Reitero enfáticamente lo dicho en la anterior columna: el trabajo de López D'Alesandro, claro y pedagógico, permite entender las continuidades y rupturas que definieron a la izquierda en Uruguay. Pero también abre el espacio para discutir que deja fuera esta narrativa y cómo el peso de la ortodoxia configuró un legado ambivalente entre la fidelidad doctrinaria y la vocación de unidad política.
El historiador ofrece en esa importante y documentada investigación una lectura sugerente sobre la historia de la izquierda uruguaya, que intenta narrar su evolución intelectual como un tránsito desde la rigidez dogmática hacia la apertura democrática. Pero tras esa voluntad de conciliación se esconde una categoría ideológica más profunda: la construcción de una falsa antinomia entre "demócratas" y "ortodoxos", que termina reproduciendo los prejuicios de la transición posmoderna y despolitizando la historia del pensamiento marxista nacional.
El libro propone un relato en el cual Frugoni encarna la racionalidad democrática, la sensibilidad humanista y el pluralismo, mientras que Arismendi aparece como su reverso: el defensor del aparato, el doctrinario soviético, el obstáculo al aggiornamento. Esta lectura, si bien refinada en su prosa, incurre en una serie de distorsiones conceptuales que conviene señalar, porque en su afán de emancipar a la izquierda del "lastre ortodoxo", termina amputando la dimensión estratégica y teórica del marxismo arismendiano.
El primer problema es metodológico. López D'Alesandro juzga los debates del siglo XX uruguayo desde una matriz posterior a 1989, en la cual la democracia liberal se erige como única forma legítima de política. Desde esa posición, todo proyecto revolucionario o estructuralmente anticapitalista es leído como nostalgia autoritaria o ceguera doctrinaria.
De ese modo, Demócratas y ortodoxos transforma una tensión histórica -reforma y revolución, democracia y socialismo- en un conflicto moral entre apertura y rigidez. El marxismo deja de ser método de análisis para volverse síndrome.

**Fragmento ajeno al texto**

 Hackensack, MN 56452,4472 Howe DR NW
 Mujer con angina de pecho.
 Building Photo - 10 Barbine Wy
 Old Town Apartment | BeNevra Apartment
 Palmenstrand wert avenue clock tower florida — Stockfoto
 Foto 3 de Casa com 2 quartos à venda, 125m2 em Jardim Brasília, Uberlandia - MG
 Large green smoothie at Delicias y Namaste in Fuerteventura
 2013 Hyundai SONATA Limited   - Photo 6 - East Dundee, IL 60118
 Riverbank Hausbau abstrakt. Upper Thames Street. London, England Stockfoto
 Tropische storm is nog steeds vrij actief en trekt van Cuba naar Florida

Esa operación anula el contexto: Arismendi no hablaba desde el confort del fin de la historia, sino desde un país dependiente, en plena guerra fría, donde la correlación de fuerzas imponía pensar la revolución con una estrategia de acumulación política realista.

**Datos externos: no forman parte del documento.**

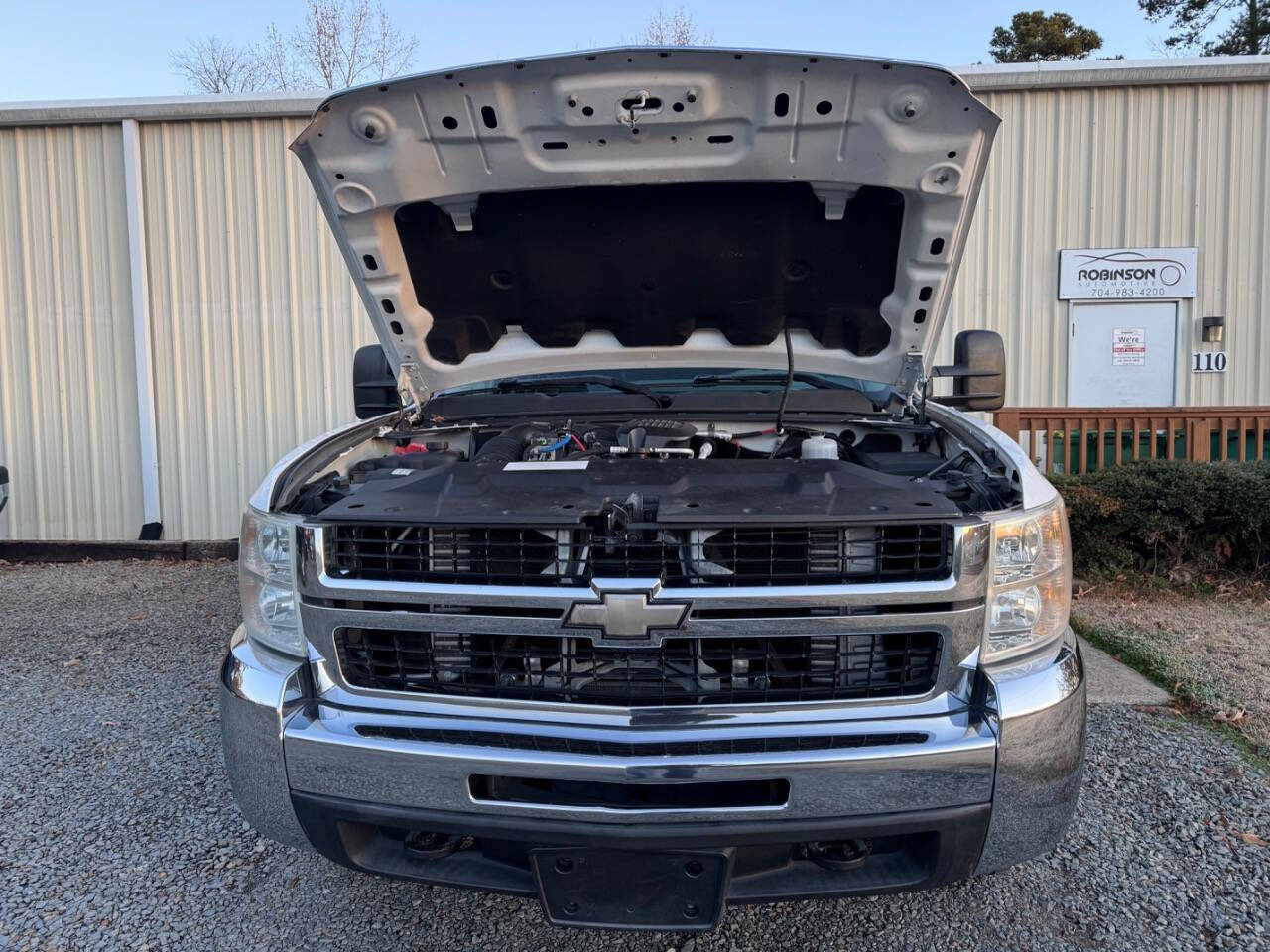 2009 Chevrolet Silverado 3500HD for sale at Robinson Automotive in Albemarle, NC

Su "ortodoxia" no fue dogma, sino coherencia táctica y teórica: fidelidad a la idea de que la democracia solo adquiere sentido cuando se traduce en poder popular.
Una lectura habitual convierte la "ortodoxia" en rasgo de carácter: disciplina + obediencia = dogma. Ese procedimiento transforma la historia en novela psicológica (Arismendi, el inflexible). López D'Alesandro replica esa biografía moral: admite el ingenio de Arismendi, pero lo presenta como "víctima de su fidelidad" o como obstáculo necesario en la modernización de la izquierda.
Arismendi no defendió normas por adhesión pasiva, sino por convicción metodológica: la fidelidad al método marxista -la dialéctica heredada de Marx- no es ortodoxia ritual sino exigencia de coherencia analítica. Defender el método no equivale a copy-paste de Moscú, y Arismendi lo demostró discutiendo y reconfigurando conceptos centrales (como hace en sus textos sobre democracia y revolución), no repitiendo consignas.
Uno de sus méritos -que el libro no reconoce- fue haber articulado una lectura marxista de la democracia, no como concesión liberal sino como terreno de lucha y horizonte estratégico. En su propuesta de "democracia avanzada", la institucionalidad republicana debía ser profundizada y socializada: más participación, más control popular, más poder colectivo.
Arismendi entendió, mucho antes de la moda gramsciana en América Latina, que la batalla política debía librarse dentro y fuera del Estado, en los sindicatos, en la prensa, en la cultura. Si algo caracteriza su obra, es precisamente la voluntad de pensar la hegemonía desde la dependencia, no de copiar modelos europeos.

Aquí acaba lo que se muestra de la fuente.